Q: Do you have your hair cut, then, wherever you are?
Ringo Starr: Erm, no. Well we usually have it cut at home, you know. Well, I do.
Q: How do you define glamour in a girl?
Lennon: Don’t like glamour.
McCartney: You can’t define glamour, really, you know. It’s just there or it isn’t.
Lennon and McCartney: Glamour.
Q: There was a rumour carried in the New York press and on radio this past week that you’re all wearing wigs because you were trying to join a London club which is very exclusive. Is it true or false? Are you wearing wigs?
George Harrison: No.
McCartney: Oh. Do you believe that? Do you? No.
Q: Your hair looks much more uniform than it did two years ago.
McCartney: Thanks, silly. No, that’s not true, you know. But thanks all the same.
Lennon: No comment.
Q: To George – Now that you’ve learnt to play the sitar, do you expect to learn any more instruments?
Harrison: I haven’t learnt to play the sitar. I mean, Ravi Shankar hasn’t learnt to play it and he’s been playing it 35 years.

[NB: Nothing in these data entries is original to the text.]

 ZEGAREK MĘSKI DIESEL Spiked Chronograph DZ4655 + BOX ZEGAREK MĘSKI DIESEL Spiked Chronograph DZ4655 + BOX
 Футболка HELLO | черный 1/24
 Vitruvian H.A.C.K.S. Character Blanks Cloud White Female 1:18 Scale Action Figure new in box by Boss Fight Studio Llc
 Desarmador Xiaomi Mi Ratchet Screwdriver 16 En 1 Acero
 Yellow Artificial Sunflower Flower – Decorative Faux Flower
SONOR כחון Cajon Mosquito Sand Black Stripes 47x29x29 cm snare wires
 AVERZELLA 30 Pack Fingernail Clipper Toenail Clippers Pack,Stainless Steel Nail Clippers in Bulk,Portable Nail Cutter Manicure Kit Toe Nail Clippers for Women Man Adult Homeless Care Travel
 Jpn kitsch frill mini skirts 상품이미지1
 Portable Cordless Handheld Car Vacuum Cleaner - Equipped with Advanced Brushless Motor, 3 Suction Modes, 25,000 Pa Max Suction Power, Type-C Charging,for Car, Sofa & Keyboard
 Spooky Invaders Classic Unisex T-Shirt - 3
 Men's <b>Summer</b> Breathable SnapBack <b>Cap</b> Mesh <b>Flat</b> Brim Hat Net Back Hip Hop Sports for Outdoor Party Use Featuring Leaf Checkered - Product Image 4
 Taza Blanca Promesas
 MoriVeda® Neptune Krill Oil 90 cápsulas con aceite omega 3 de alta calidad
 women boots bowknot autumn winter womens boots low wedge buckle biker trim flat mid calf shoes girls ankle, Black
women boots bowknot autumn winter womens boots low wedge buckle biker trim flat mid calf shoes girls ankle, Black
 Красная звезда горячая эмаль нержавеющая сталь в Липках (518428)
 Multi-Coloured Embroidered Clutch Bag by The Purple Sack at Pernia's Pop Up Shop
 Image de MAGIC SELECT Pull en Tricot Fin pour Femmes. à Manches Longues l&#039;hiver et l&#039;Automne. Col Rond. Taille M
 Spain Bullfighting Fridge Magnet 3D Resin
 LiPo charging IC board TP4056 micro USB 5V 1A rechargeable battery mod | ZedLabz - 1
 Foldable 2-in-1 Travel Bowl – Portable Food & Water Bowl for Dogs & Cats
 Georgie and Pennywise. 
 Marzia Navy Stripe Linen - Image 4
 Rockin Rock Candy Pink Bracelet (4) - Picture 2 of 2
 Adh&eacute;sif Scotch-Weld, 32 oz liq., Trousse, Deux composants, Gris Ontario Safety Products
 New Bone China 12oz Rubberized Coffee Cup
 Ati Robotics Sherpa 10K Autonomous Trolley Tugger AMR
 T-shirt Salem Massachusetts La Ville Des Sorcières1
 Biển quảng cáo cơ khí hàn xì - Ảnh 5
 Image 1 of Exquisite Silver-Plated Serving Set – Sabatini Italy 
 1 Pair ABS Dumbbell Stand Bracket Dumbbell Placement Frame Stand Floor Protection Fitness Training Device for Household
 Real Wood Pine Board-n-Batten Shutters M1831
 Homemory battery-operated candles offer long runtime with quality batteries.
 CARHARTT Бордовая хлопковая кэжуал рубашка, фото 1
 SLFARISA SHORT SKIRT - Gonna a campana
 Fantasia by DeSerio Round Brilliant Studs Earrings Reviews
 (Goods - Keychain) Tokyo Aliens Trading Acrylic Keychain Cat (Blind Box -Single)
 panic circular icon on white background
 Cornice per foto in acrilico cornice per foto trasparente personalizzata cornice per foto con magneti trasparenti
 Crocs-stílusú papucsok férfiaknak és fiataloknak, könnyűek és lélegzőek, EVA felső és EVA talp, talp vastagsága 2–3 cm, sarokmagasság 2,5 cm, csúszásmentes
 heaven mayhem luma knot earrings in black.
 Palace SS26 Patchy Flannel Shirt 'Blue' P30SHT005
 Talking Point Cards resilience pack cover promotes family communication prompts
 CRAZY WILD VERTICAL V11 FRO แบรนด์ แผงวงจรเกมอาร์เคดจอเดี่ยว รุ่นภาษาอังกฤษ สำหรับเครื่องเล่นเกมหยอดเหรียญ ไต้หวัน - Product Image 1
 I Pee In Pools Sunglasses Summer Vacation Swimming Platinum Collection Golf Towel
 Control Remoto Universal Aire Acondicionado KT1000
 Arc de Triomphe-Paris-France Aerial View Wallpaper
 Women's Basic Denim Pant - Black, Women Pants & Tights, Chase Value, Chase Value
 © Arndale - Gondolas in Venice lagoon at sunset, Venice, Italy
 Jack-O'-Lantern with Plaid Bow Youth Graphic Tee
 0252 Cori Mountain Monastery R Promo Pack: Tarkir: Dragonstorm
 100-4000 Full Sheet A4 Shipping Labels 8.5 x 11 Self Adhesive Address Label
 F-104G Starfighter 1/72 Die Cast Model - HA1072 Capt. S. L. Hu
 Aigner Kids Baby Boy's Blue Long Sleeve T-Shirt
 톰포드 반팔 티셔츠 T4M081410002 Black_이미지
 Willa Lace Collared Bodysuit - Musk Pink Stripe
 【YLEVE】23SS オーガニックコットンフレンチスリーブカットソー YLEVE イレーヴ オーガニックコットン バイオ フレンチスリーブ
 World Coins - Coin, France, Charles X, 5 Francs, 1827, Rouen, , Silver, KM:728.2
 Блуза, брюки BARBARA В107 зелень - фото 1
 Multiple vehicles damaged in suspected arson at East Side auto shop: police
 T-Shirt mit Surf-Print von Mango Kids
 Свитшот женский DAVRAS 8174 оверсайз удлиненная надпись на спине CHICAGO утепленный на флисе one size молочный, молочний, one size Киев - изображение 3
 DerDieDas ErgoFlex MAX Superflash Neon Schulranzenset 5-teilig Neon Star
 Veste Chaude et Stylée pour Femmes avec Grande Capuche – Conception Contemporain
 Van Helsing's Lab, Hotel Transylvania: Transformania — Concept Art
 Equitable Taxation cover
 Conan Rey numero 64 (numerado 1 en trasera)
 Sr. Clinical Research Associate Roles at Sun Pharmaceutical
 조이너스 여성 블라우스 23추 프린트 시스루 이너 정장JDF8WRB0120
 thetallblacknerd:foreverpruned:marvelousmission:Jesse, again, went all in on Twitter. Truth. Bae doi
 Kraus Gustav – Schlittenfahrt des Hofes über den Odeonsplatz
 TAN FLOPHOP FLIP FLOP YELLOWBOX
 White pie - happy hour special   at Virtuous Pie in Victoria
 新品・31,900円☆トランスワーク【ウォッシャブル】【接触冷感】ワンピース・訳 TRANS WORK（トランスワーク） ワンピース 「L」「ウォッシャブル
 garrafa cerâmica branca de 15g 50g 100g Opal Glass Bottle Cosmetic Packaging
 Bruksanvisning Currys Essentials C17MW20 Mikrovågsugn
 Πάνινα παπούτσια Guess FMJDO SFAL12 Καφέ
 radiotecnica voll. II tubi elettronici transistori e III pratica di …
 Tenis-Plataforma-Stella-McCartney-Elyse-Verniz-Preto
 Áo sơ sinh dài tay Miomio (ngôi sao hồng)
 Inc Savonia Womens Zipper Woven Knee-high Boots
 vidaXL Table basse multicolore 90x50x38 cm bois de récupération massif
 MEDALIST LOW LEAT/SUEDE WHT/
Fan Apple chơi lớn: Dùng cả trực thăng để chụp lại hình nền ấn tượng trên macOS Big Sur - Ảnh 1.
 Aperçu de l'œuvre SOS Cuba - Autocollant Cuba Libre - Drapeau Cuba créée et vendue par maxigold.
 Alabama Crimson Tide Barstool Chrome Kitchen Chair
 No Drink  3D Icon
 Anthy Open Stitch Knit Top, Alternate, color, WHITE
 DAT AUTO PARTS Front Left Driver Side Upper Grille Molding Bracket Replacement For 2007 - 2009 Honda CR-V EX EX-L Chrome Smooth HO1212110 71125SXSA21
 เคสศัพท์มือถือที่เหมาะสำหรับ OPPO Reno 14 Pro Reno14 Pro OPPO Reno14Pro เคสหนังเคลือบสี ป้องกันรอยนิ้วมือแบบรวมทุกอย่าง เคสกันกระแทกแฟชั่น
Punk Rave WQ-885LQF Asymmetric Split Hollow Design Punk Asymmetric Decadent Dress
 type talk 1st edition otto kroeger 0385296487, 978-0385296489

Q: A general theme with variations on it?
McCartney: No, not really, you know. Is there a theme?
Lennon: No. The only theme is that you do them at the same period, so they have something in common when they get on the same LP. That’s all.
Q: A question to George. Do you feel that Indian music will be more influencial in the future of rock ‘n’ roll and pop music?
Harrison: Um, well, I don’t know. I personally hope it will become more – that there’ll be more Indian influences just generally in any music, because it’s worth it. It’s very good music. I’d just like to see it more popular, more people appreciating it.